Problem to work on:
Transcribe every entry exactly; the images stay out.

Task data:
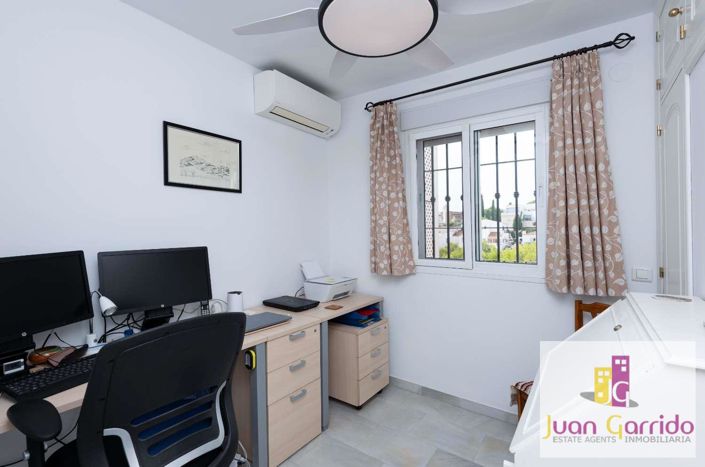 Image No.28-5 Bed Property for sale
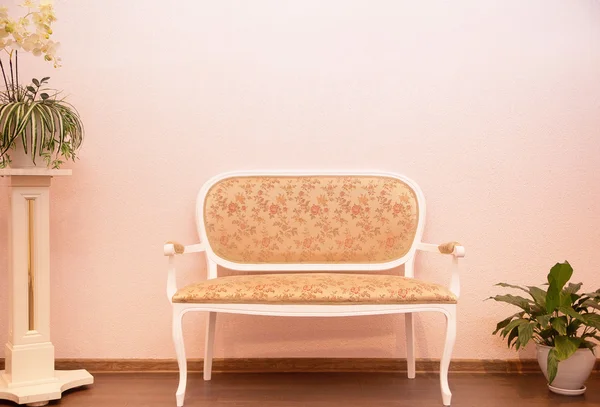 Interno con divano classico — Foto Stock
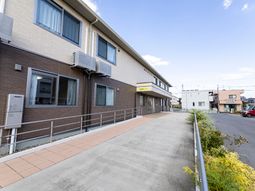 茶色の建物の外観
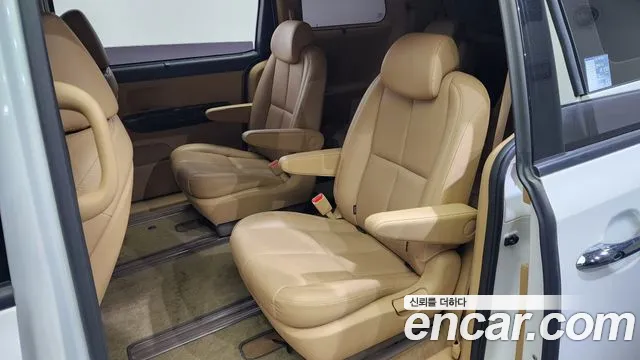 Kia The New Carnival id 2645405 из Кореи 12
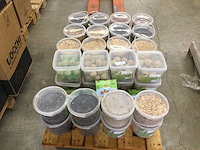 Emmers met divers vogelvoer (45x) - afbeelding 1 van  9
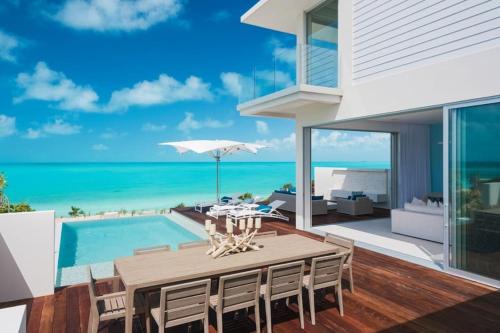 Villa Helios - Long Bay Beach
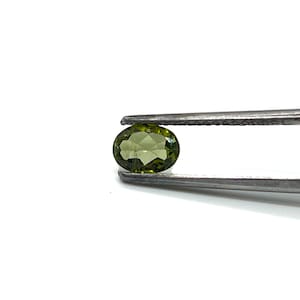 Turmalina Verde Natural Facetada - Oval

Solution to this exercise:
 Image No.28-5 Bed Property for sale
 Interno con divano classico — Foto Stock
 茶色の建物の外観
 Kia The New Carnival id 2645405 из Кореи 12
 Emmers met divers vogelvoer (45x) - afbeelding 1 van  9
 Villa Helios - Long Bay Beach
 Turmalina Verde Natural Facetada - Oval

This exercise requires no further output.